Mittwoch, 16. Mai 2018

367. Akt

Äh.. ja... da bin ich wieder.
Allzu lange habe ich meinen schönen Blog ruhenlassen. Aber er ist ja kein Hefeteig und manchmal setzen Texte Staub an.
Also, es ist viel passiert in der Zwischenzeit. Manche Menschen haben mein Leben verlassen – im schlimmsten Fall sogar das ihre – und manche sind hinzugekommen. So befinde ich mich jetzt immer noch mit Kind 1.0 und 2.0 in dem schönen Häuschen am Rande der Stadt, habe mein Leben allerdings um eine Handvoll Menschen ergänzt. Eigentlich könnte alles rosarot sein, wenn, ja wenn nicht der ganze Alltagskram sich immer wieder vor einem aufstauen würde und dann niedergeschrieben gehört. Und so soll es nun weitergehen. Und immer noch kann ich an vielen Stellen sagen:
Ich fasse es nicht!
Manche Dinge lassen sich ja nicht vermeiden. Viele lassen sich nicht verdrängen und einige lauern geradezu darauf zu passieren. Bei jedem. Und bei mir natürlich auch. Dabei muss es sich jetzt nicht um ernsthaft Grausiges handeln. Lediglich sanft Beängstigendes reicht da völlig. Und so schleppte ich das Wissen über das was anstand lange mit mir herum.

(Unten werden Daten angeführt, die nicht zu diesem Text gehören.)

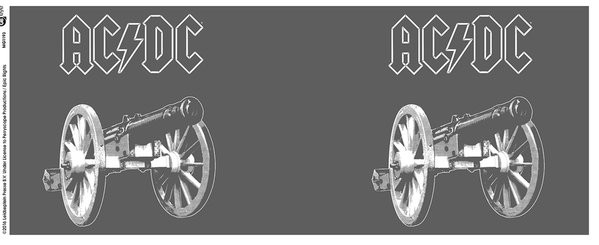 Tasse café AC/DC - Canon | Idées de cadeaux originaux | Europosters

Und wann immer mich eine Freundin oder ein Bekannter nach meinem Alter fragte, überlegte ich, ob ich nun lügen, aggressiv werden, lässig abwinken oder es einfach ignorieren sollte.

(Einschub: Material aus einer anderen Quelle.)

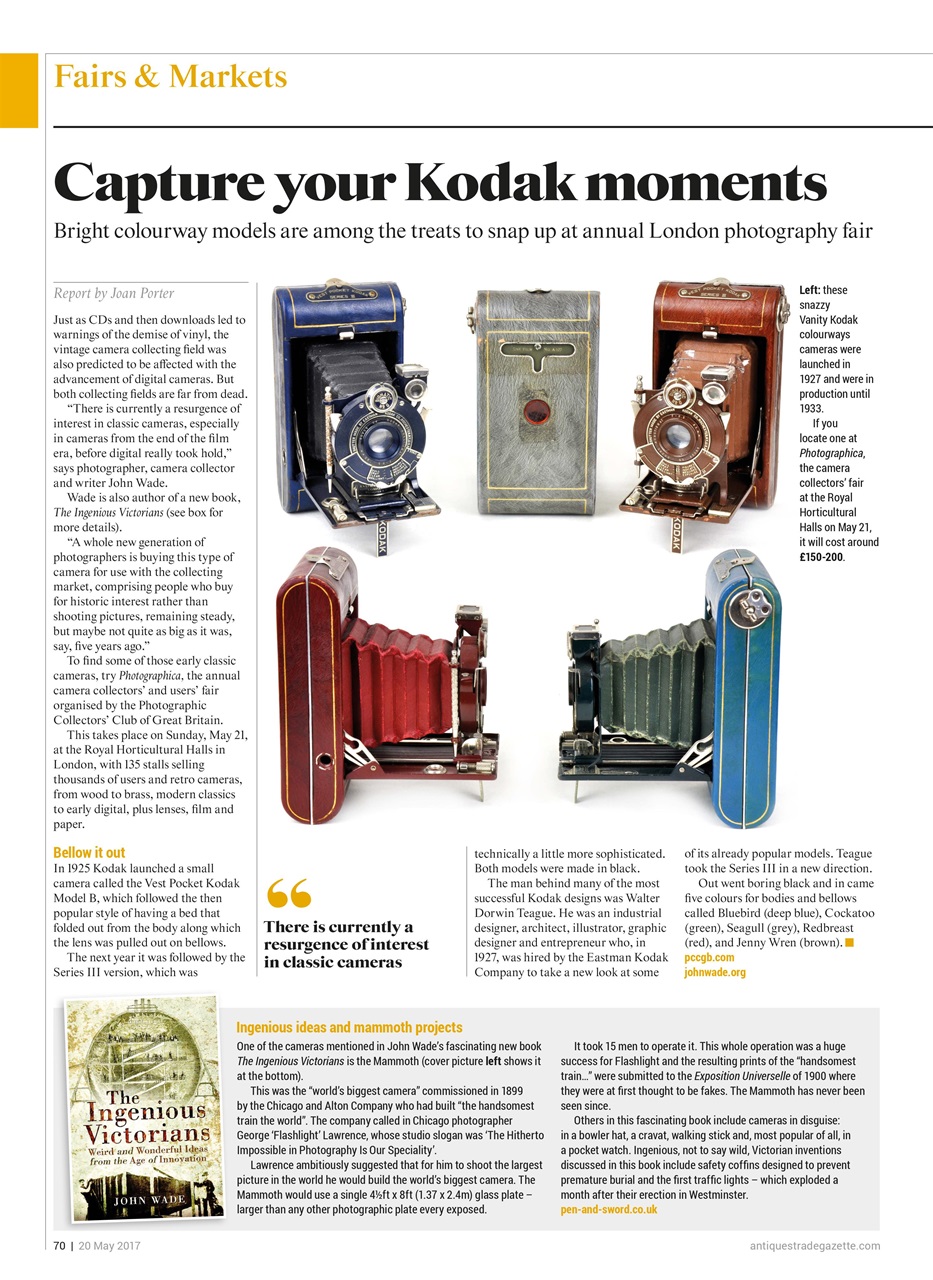 Antiques Trade Gazette Preview Pages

Wie gesagt, mein Problem war nichts weltbewegendes.
Es war mein 50. Geburtstag.
Natürlich war mir klar, dass ich nicht über Nacht die Farbe wechseln würde oder schlagartig Mariannengraben tiefe Falten ins Gesicht gemeißelt bekäme. Auch würde keiner kommen, aus Sicherheitsgründen bei meinen Highheels die Absätze abbrechen und mir einen schnieken Rollator in den Flur stellen. Es war einfach nur so eine große Zahl. 50. Halbvoll oder halbleer? An guten Tagen war es mir wurscht, an schlechten war mir eher nach randvoll. Aber Prosecco und Cocktails halten den Lauf der Zeit ja nun nachweislich auch nicht auf.
Wie machten es denn die anderen? Also nicht die, die prinzipiell das Alter ihrer Kinder von dem ihren abzogen?

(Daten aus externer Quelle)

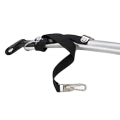 Remorque cargo pliable pour vélo avec housse imperméable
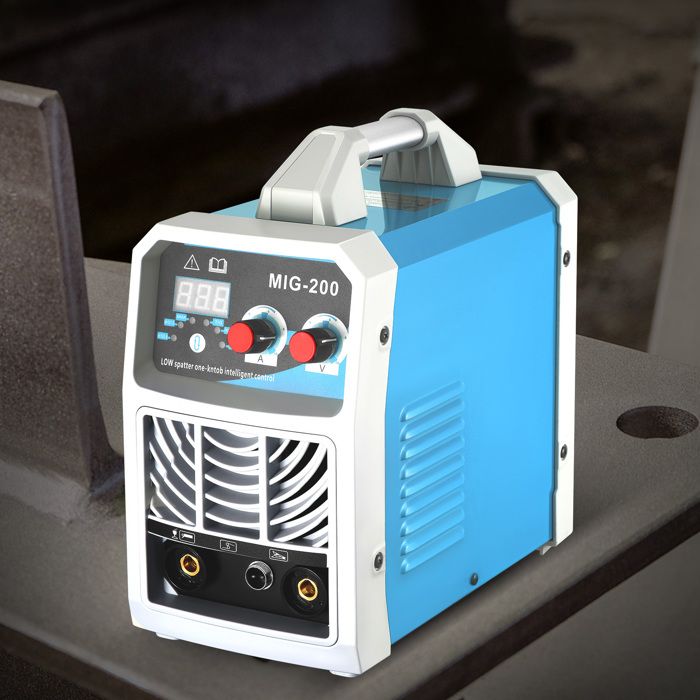 Poste à Souder MIG 3 En 1 250A - Affichage Numérique, Fil Fourré, Dual Voltage 110V/220V - Pour Bricolage, Atelier, Réparations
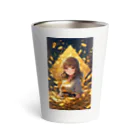 nitorosanの金運を上げるアイテム Thermo Tumbler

Meine ältere Schwester ist glaub ich locker rübergerutscht. Mein Bruder war schon nervöser. Mein Freund hatte fünf Monate vor mir diese Schallgrenze überschritten, ohne sich wesentlich zu verändern und bei einigen Bekannten änderte sich das Geburtsdatum und somit das Alter ohnehin quasi wöchentlich.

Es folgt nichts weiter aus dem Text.